**What the task requires:** For the records below, print the lines from the line with "2021 Galeon 460 Fly Yacht For Sale in Mandelieu-la-Napoule 2021" through the line with "Havahart Traps in" exactly as written; include both end lines and exclude the rest.

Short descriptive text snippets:
<<<<

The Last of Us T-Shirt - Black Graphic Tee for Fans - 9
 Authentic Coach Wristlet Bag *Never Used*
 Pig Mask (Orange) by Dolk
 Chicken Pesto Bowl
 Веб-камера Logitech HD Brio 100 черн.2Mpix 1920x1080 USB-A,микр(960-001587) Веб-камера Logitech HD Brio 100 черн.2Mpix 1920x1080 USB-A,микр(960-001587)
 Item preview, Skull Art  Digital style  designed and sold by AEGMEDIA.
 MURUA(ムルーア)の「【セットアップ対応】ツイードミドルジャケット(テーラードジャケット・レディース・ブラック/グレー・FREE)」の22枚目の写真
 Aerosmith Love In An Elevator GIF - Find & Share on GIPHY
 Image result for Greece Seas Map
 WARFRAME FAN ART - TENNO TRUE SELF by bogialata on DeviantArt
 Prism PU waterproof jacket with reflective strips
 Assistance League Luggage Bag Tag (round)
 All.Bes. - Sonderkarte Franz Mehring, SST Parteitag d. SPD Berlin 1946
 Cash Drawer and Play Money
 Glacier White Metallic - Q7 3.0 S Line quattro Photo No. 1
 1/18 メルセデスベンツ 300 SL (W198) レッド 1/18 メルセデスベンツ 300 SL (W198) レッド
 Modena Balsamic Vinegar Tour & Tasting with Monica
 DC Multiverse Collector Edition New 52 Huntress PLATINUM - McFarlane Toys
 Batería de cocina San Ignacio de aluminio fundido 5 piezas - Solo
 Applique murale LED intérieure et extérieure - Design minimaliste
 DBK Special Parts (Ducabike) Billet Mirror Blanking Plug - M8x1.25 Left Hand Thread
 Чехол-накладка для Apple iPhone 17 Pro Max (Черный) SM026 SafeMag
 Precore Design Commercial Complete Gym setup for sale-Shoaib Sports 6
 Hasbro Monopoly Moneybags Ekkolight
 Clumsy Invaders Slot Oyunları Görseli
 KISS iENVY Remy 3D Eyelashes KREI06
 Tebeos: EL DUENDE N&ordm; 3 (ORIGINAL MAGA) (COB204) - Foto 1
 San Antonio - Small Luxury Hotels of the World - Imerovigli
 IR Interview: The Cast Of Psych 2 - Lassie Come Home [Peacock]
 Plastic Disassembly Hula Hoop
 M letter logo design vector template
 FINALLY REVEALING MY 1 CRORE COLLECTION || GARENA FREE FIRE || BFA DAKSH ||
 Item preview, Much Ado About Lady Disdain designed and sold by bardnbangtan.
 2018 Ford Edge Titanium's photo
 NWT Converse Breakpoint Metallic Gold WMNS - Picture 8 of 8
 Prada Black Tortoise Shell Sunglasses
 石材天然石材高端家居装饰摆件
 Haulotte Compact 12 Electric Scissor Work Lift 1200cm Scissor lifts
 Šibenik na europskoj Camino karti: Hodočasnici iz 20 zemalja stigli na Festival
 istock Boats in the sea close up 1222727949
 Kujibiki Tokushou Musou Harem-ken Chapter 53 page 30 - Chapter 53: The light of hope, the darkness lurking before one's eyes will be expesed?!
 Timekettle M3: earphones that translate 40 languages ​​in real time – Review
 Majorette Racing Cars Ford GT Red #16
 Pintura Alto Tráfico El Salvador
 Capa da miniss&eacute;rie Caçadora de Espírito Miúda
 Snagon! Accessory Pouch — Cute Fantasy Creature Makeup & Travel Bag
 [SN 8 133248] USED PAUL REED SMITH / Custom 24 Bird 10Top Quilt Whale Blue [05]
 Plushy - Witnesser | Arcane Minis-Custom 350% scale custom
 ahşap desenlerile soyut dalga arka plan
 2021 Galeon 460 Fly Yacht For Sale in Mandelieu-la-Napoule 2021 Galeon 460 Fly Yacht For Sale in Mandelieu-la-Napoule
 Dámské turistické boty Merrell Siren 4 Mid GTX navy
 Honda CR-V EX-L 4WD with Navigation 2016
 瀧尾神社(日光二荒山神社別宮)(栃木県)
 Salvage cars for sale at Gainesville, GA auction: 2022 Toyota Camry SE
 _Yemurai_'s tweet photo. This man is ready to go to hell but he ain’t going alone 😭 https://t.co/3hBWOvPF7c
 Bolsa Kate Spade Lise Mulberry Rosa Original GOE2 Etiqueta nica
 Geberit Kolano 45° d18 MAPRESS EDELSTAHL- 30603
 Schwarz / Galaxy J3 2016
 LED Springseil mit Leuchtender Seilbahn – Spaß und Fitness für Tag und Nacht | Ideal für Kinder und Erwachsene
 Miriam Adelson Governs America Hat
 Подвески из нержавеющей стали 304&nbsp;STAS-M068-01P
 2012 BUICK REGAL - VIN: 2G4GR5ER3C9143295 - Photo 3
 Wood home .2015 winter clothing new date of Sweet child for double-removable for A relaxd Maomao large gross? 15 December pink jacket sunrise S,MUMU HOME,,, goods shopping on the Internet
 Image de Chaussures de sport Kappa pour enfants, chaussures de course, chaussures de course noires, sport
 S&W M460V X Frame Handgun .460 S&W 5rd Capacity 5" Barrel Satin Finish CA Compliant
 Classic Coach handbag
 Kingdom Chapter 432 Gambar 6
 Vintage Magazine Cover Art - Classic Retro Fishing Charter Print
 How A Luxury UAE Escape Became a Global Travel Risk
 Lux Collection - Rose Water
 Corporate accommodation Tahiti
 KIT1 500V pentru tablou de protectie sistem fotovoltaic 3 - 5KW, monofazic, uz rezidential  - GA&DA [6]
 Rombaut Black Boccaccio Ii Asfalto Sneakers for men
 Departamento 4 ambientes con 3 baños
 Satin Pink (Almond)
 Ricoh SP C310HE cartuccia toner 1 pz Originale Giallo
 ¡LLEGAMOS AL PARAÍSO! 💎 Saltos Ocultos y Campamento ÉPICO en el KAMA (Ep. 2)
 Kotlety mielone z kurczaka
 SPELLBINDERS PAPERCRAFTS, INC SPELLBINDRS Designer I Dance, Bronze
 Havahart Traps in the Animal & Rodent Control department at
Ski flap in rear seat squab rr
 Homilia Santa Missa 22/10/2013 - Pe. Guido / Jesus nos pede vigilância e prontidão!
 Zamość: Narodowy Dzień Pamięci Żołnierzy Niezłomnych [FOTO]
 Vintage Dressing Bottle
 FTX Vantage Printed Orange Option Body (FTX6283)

>>>>

**Output:**
 2021 Galeon 460 Fly Yacht For Sale in Mandelieu-la-Napoule 2021 Galeon 460 Fly Yacht For Sale in Mandelieu-la-Napoule
 Dámské turistické boty Merrell Siren 4 Mid GTX navy
 Honda CR-V EX-L 4WD with Navigation 2016
 瀧尾神社(日光二荒山神社別宮)(栃木県)
 Salvage cars for sale at Gainesville, GA auction: 2022 Toyota Camry SE
 _Yemurai_'s tweet photo. This man is ready to go to hell but he ain’t going alone 😭 https://t.co/3hBWOvPF7c
 Bolsa Kate Spade Lise Mulberry Rosa Original GOE2 Etiqueta nica
 Geberit Kolano 45° d18 MAPRESS EDELSTAHL- 30603
 Schwarz / Galaxy J3 2016
 LED Springseil mit Leuchtender Seilbahn – Spaß und Fitness für Tag und Nacht | Ideal für Kinder und Erwachsene
 Miriam Adelson Governs America Hat
 Подвески из нержавеющей стали 304&nbsp;STAS-M068-01P
 2012 BUICK REGAL - VIN: 2G4GR5ER3C9143295 - Photo 3
 Wood home .2015 winter clothing new date of Sweet child for double-removable for A relaxd Maomao large gross? 15 December pink jacket sunrise S,MUMU HOME,,, goods shopping on the Internet
 Image de Chaussures de sport Kappa pour enfants, chaussures de course, chaussures de course noires, sport
 S&W M460V X Frame Handgun .460 S&W 5rd Capacity 5" Barrel Satin Finish CA Compliant
 Classic Coach handbag
 Kingdom Chapter 432 Gambar 6
 Vintage Magazine Cover Art - Classic Retro Fishing Charter Print
 How A Luxury UAE Escape Became a Global Travel Risk
 Lux Collection - Rose Water
 Corporate accommodation Tahiti
 KIT1 500V pentru tablou de protectie sistem fotovoltaic 3 - 5KW, monofazic, uz rezidential  - GA&DA [6]
 Rombaut Black Boccaccio Ii Asfalto Sneakers for men
 Departamento 4 ambientes con 3 baños
 Satin Pink (Almond)
 Ricoh SP C310HE cartuccia toner 1 pz Originale Giallo
 ¡LLEGAMOS AL PARAÍSO! 💎 Saltos Ocultos y Campamento ÉPICO en el KAMA (Ep. 2)
 Kotlety mielone z kurczaka
 SPELLBINDERS PAPERCRAFTS, INC SPELLBINDRS Designer I Dance, Bronze
 Havahart Traps in the Animal & Rodent Control department at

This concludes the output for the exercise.